Exclude the pictures, and otherwise reproduce the data in full.

Dataset excerpt
*** Begin section ***
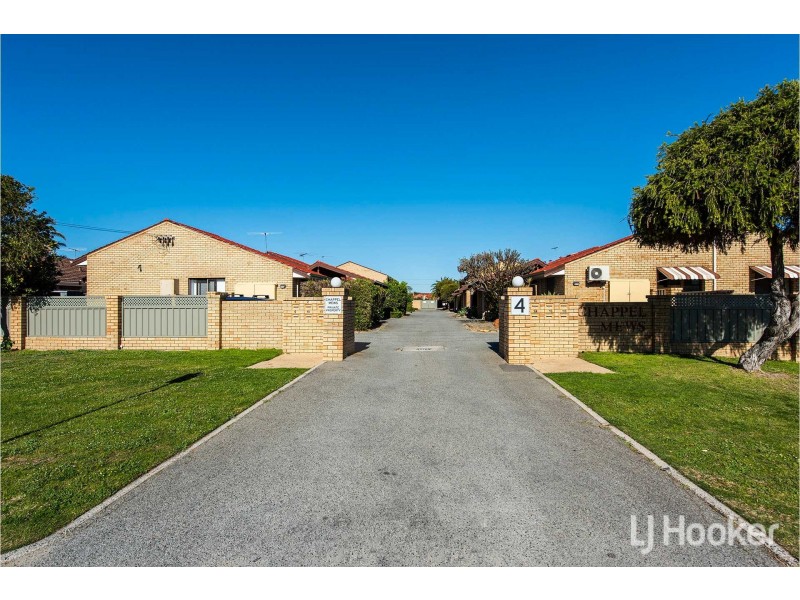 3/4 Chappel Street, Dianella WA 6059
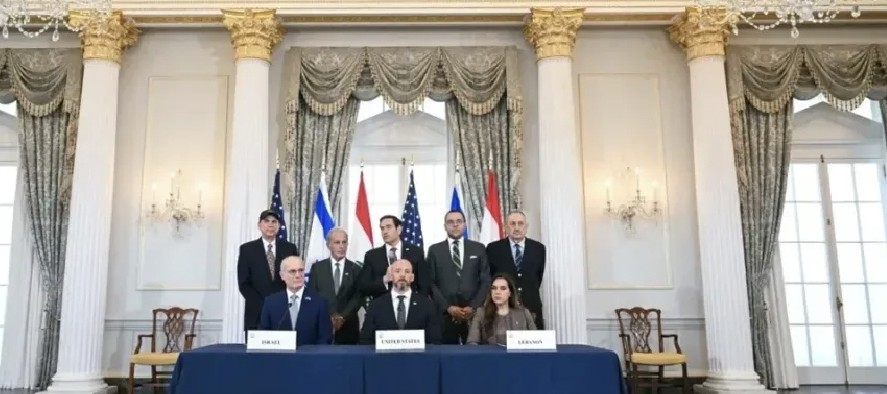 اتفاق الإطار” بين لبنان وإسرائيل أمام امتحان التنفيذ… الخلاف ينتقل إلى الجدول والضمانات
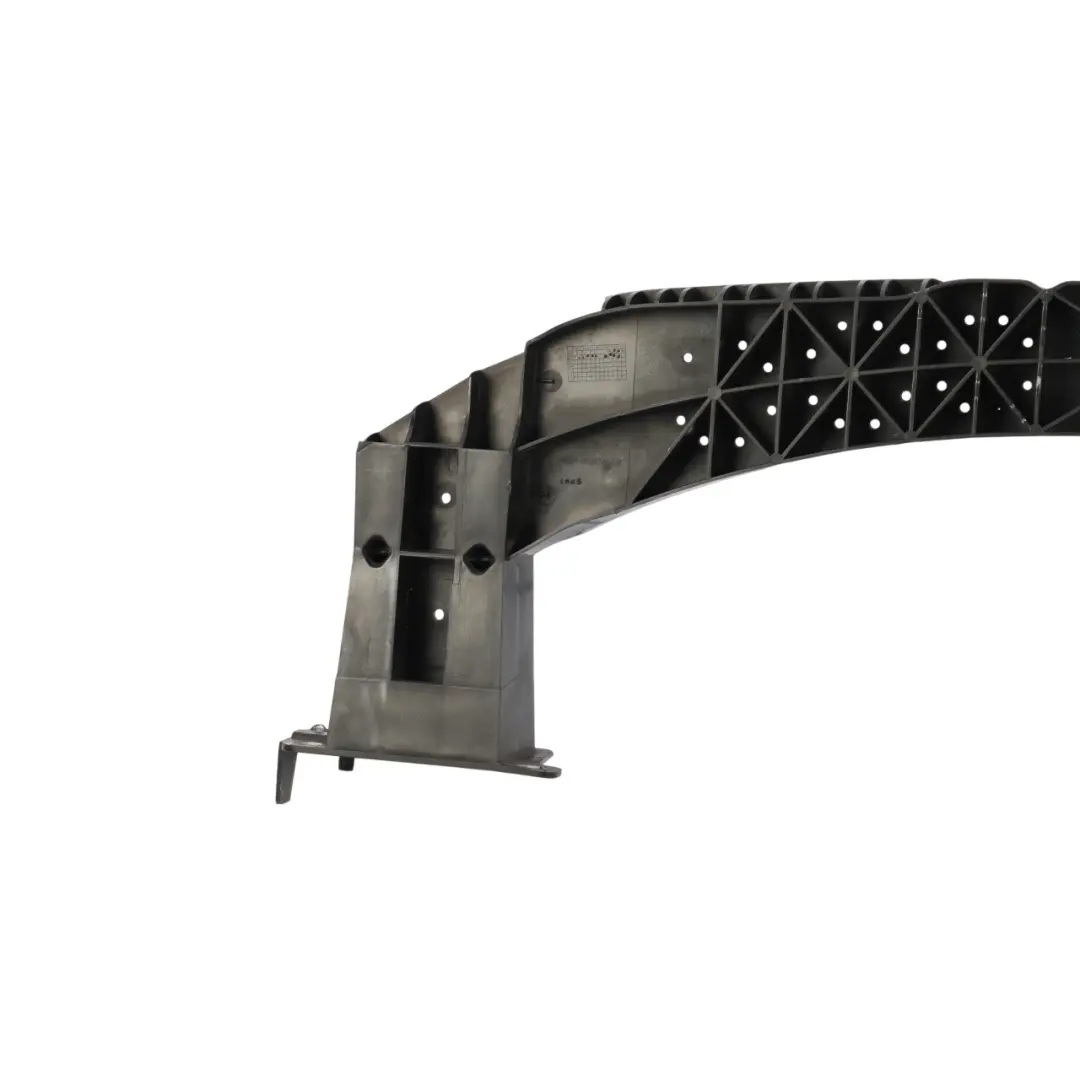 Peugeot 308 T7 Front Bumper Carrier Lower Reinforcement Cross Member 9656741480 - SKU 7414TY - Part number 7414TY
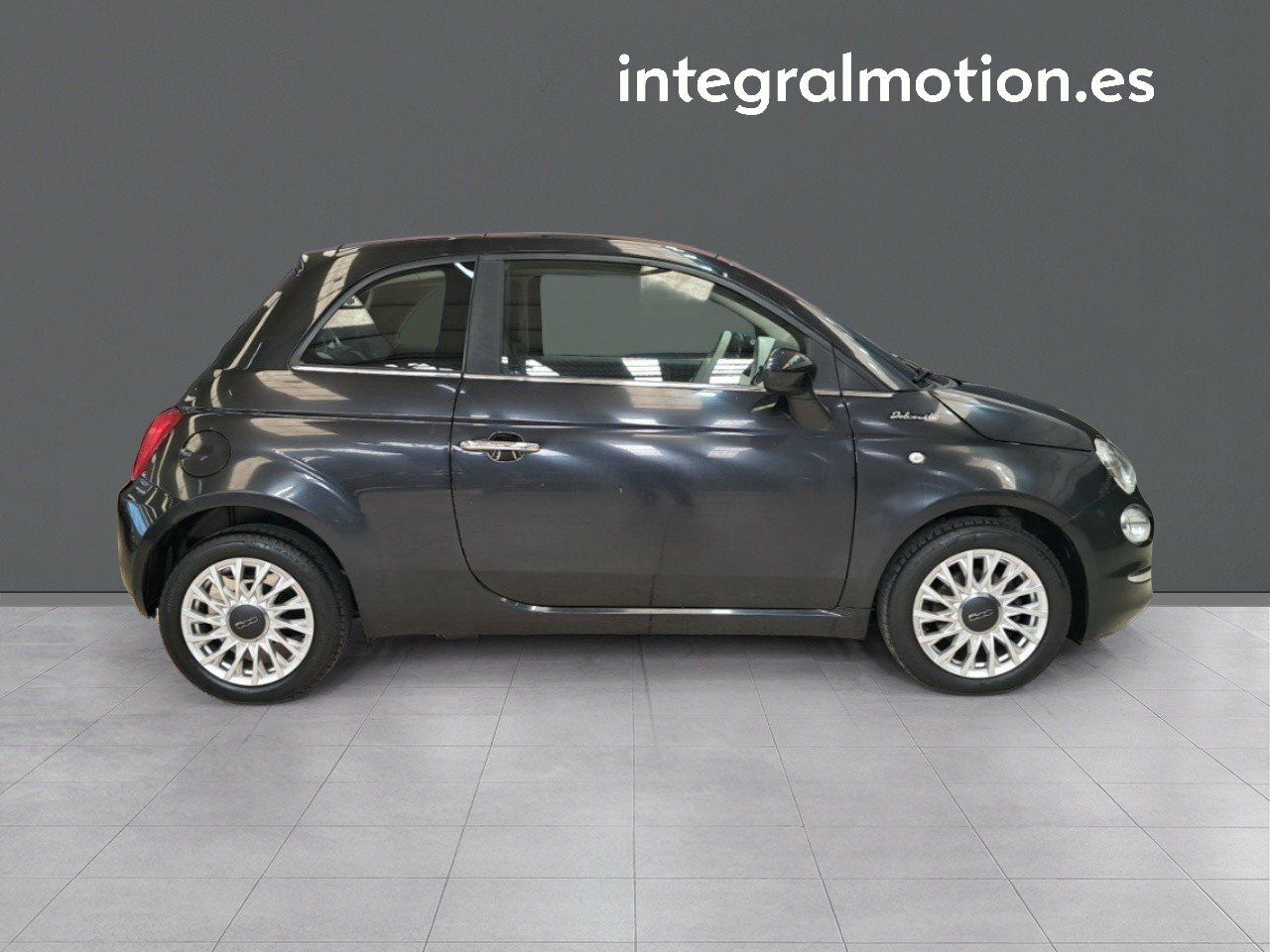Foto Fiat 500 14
*** End section ***
Response to this exercise
 3/4 Chappel Street, Dianella WA 6059
 اتفاق الإطار” بين لبنان وإسرائيل أمام امتحان التنفيذ… الخلاف ينتقل إلى الجدول والضمانات
 Peugeot 308 T7 Front Bumper Carrier Lower Reinforcement Cross Member 9656741480 - SKU 7414TY - Part number 7414TY
Foto Fiat 500 14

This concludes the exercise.